Beginning with the very first line, please reproduce the entries exactly through the line containing "Men's Ice Blue".
....
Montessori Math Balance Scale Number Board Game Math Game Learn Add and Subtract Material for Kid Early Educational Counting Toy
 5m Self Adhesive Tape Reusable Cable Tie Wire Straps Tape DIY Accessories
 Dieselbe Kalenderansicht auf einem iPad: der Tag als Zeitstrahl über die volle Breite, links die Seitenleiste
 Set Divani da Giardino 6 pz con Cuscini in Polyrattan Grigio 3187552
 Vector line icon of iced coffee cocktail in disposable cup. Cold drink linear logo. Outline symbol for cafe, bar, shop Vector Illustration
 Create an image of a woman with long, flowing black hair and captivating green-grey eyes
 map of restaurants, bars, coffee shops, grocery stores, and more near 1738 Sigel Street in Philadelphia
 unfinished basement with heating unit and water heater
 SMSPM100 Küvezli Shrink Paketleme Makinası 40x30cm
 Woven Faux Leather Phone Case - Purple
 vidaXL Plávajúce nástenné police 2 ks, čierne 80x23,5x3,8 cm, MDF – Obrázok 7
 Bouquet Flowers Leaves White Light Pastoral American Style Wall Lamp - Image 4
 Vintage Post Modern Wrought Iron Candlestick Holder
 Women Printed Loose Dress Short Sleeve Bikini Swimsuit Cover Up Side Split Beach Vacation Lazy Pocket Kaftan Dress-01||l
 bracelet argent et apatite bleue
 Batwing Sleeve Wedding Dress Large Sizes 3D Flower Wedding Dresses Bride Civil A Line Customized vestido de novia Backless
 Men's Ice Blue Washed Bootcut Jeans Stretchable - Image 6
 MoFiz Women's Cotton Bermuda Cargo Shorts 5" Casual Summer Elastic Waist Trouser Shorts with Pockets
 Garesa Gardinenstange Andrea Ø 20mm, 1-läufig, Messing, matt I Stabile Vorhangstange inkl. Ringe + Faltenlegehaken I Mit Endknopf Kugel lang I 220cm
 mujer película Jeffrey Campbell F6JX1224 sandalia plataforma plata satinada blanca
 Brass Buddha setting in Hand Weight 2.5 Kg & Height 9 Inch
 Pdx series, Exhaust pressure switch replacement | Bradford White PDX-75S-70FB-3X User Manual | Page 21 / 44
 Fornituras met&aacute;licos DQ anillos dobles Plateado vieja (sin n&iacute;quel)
....
Response>
Montessori Math Balance Scale Number Board Game Math Game Learn Add and Subtract Material for Kid Early Educational Counting Toy
 5m Self Adhesive Tape Reusable Cable Tie Wire Straps Tape DIY Accessories
 Dieselbe Kalenderansicht auf einem iPad: der Tag als Zeitstrahl über die volle Breite, links die Seitenleiste
 Set Divani da Giardino 6 pz con Cuscini in Polyrattan Grigio 3187552
 Vector line icon of iced coffee cocktail in disposable cup. Cold drink linear logo. Outline symbol for cafe, bar, shop Vector Illustration
 Create an image of a woman with long, flowing black hair and captivating green-grey eyes
 map of restaurants, bars, coffee shops, grocery stores, and more near 1738 Sigel Street in Philadelphia
 unfinished basement with heating unit and water heater
 SMSPM100 Küvezli Shrink Paketleme Makinası 40x30cm
 Woven Faux Leather Phone Case - Purple
 vidaXL Plávajúce nástenné police 2 ks, čierne 80x23,5x3,8 cm, MDF – Obrázok 7
 Bouquet Flowers Leaves White Light Pastoral American Style Wall Lamp - Image 4
 Vintage Post Modern Wrought Iron Candlestick Holder
 Women Printed Loose Dress Short Sleeve Bikini Swimsuit Cover Up Side Split Beach Vacation Lazy Pocket Kaftan Dress-01||l
 bracelet argent et apatite bleue
 Batwing Sleeve Wedding Dress Large Sizes 3D Flower Wedding Dresses Bride Civil A Line Customized vestido de novia Backless
 Men's Ice Blue Washed Bootcut Jeans Stretchable - Image 6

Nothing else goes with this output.